Politicians are blaming the surge in prices on an increase in natural gas demand as the world wakes up from the pandemic, supply disruption caused by maintenance, and a less-windy-than-usual summer that saw a drop in wind-generated power.
But really, Europe’s crisis is in its renewables sector. The region has invested heavily in renewables, such as wind and solar, but it can’t get enough of this green power to the people who need it.
After the UN published its state-of-the-science climate report in August, warning the world must make deep and sustained cuts to greenhouse gas emissions this decade, there has been a growing understanding among political leaders that the transition away from fossil fuels needs to happen more quickly than planned.
There are other incentives to moving faster on renewables, however. A fuller transition would free Europe from the disruption of volatile energy markets and reduce its dependence on other oil and gas providers, such as Russia. Europe could avoid its energy security getting tangled up in geopolitical storms.
More than 40 European Union lawmakers, mostly from eastern and Baltic states, have appealed to the European Commission to launch an investigation into Russia’s state gas company Gazprom. They suspect it had been restraining its supply to push up prices and pressure Germany to expedite the launch of Nord Stream 2, a gas pipeline that runs from Russia and under the Baltic Sea to Germany.
Gazprom told CNN Business that it was supplying gas to customers abroad “in full compliance with existing contractual obligations” and that supplies were “at a level close to the historically record high” over the past eight months.
The International Energy Agency said Wednesday that Russian exports to Europe were down from 2019 levels and that the country could do more to increase supplies ahead of winter.
“In terms of the Russian state, there is clear evidence that it uses its gas exports for its own geopolitical gain, it uses that strategically, it’s not just a commercial venture,” said Manchester University’s Matthew Paterson, a professor of international politics who researches climate politics.
“It’s used gas to get leverage over Ukraine very, very aggressively, and it seems to use it in relation to other eastern central European states,” he added.
Europe has long been a world leader in renewables. Last year, the European Union and United Kingdom used more renewable energy than fossil fuels to generate electricity.
But at the same time, the United Kingdom relies on gas for around 40% of its electricity and Europe is expanding and investing heavily in gas.

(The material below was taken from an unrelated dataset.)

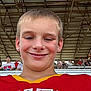 child, boy, smile, earrings, short_hair, red_jersey, sportswear, stadium, spectators, metal_roof, crowd, outdoor, daylight, casual, portrait, young, happy, event, people, seated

The European Union currently has €87 billion ($102 billion) worth of gas projects in the pipeline, according to a report by the Global Energy Monitor (GEM).
The bloc is looking to increase gas imports by 35%, which GEM says sits “at odds with the EU’s stated goal of net-zero greenhouse gas emissions by 2050.”
Gas has been widely regarded as a “cleaner” bridging fuel to use during the transition from coal to renewables for electricity. But there are some problems with that. While gas emits less carbon than coal and oil, it is made mostly of methane, a very harmful greenhouse gas that leaks from pipelines and abandoned wells.
Smart grids are part of the answer
The gas shortages are being felt more sharply in the United Kingdom, where prices have more than quadrupled and some small energy companies are going bust.